# 240 for a welder



## farmerkev (Sep 30, 2011)

I'm not the best with electrical so I'm thinking somebody here will have more info on my problem. I have a Hobart 175 wire feed welder I'm putting in the garage, it's a three prong plug and the outlet is a matching 3 prong 240. When I plugged the welder in the breaker tripped, it's a 50 amp breaker, and it's a 30 amp welder. I replaced the breaker in case it was no good, still happened. The outlet has the two hots on the proper lugs and a white neutral on the center lug. There's a bare ground wire that's just sitting in the receptacle. I tested outlet and it does get a proper 240v of power, and the welder has also been tested at a welding equipment repair shop, so I know it works. I'm assuming my issue involves the ground wire that goes nowhere. Any help?


----------



## Meadow (Dec 1, 2014)

Something is pulling excessive current. What is the NEMA designation of the plug and receptacle?


----------



## dielectricunion (Feb 27, 2013)

Sounds like you've most likely got the wiring mixed up - if it trips as soon as you power up.
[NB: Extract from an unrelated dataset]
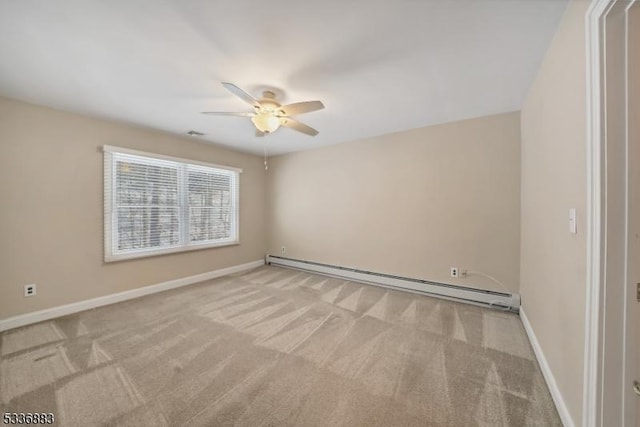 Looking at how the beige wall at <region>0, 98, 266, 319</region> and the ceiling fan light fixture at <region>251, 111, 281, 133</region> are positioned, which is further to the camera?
the beige wall at <region>0, 98, 266, 319</region>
Also, a 3 wire plug you described should have two hots and a ground, not neutral. That shouldn't be causing the problem, but fix it anyway.

Check your connections on the receptacle, and the plug to welder if you wired that and hasn't been tested. 

Make sure there's no short circuiting between terminals - ex: if wire was stripped too far back, crammed into box, and is contacting hot to grounded metal box.


----------



## farmerkev (Sep 30, 2011)

Meadow, not sure what that would be.

dielectricunion, what's the way of fixing that?


----------



## dielectricunion (Feb 27, 2013)

The receptacle/outlet should have 3 screw terminals and one will most likely have a G on it. Be sure this is connected to the ground wire and the two hot legs are connected to the other two terminals.

I'm assuming you're using a 3 wire cable to connect the outlet? Should be easy with the colored insulation to ensure your two hots are on the two hot terminals. 

And I'm sure you're using a dual pole breaker and not two individual, since you say replaced the breaker?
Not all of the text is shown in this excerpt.